(Scraped caption text data)
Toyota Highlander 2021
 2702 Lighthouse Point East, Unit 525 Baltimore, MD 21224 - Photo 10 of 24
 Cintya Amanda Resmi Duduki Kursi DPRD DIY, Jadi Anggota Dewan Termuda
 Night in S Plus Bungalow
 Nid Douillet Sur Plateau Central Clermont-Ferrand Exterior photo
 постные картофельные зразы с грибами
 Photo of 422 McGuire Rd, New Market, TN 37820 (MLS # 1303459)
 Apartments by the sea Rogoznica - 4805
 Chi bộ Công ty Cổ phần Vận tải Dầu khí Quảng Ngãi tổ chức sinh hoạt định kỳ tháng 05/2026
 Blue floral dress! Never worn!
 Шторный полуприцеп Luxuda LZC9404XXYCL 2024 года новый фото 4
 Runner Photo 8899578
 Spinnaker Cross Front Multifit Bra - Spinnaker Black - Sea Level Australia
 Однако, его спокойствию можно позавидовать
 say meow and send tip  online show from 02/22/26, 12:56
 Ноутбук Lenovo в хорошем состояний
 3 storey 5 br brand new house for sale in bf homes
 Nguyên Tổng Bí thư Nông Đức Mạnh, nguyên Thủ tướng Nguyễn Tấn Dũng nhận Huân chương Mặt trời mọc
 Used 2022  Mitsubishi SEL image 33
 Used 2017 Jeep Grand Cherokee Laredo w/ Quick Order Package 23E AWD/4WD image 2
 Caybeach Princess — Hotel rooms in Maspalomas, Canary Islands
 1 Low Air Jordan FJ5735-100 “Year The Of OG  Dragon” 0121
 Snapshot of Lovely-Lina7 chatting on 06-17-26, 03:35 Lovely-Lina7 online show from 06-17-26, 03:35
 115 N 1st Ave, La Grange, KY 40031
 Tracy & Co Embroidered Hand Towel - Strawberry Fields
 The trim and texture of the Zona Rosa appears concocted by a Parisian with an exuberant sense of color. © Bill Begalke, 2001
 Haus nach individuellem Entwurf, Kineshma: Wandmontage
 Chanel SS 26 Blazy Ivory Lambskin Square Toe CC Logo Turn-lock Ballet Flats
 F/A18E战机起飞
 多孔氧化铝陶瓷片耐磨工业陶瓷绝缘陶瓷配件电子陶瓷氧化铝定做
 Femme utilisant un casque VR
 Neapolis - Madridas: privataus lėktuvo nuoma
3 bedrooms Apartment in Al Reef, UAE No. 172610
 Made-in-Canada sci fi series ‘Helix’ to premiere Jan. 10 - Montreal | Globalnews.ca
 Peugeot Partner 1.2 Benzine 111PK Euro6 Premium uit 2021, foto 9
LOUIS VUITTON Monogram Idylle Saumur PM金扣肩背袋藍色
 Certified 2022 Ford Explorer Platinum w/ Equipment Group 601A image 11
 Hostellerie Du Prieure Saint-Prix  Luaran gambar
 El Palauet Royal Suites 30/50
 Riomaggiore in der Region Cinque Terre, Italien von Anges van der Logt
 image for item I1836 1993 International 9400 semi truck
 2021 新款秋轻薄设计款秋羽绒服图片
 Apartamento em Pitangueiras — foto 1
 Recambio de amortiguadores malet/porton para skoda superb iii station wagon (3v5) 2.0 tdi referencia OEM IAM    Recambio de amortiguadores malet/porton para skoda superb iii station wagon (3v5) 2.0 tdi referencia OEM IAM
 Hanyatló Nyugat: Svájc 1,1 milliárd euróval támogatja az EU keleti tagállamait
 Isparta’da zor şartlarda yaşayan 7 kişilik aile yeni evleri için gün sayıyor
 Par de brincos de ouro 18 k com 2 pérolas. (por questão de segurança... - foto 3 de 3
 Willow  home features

Instructions to follow: Lines of the data above that include the string "image" must each be copied.

Expected answer:
 Used 2022  Mitsubishi SEL image 33
 Used 2017 Jeep Grand Cherokee Laredo w/ Quick Order Package 23E AWD/4WD image 2
 Certified 2022 Ford Explorer Platinum w/ Equipment Group 601A image 11
 image for item I1836 1993 International 9400 semi truck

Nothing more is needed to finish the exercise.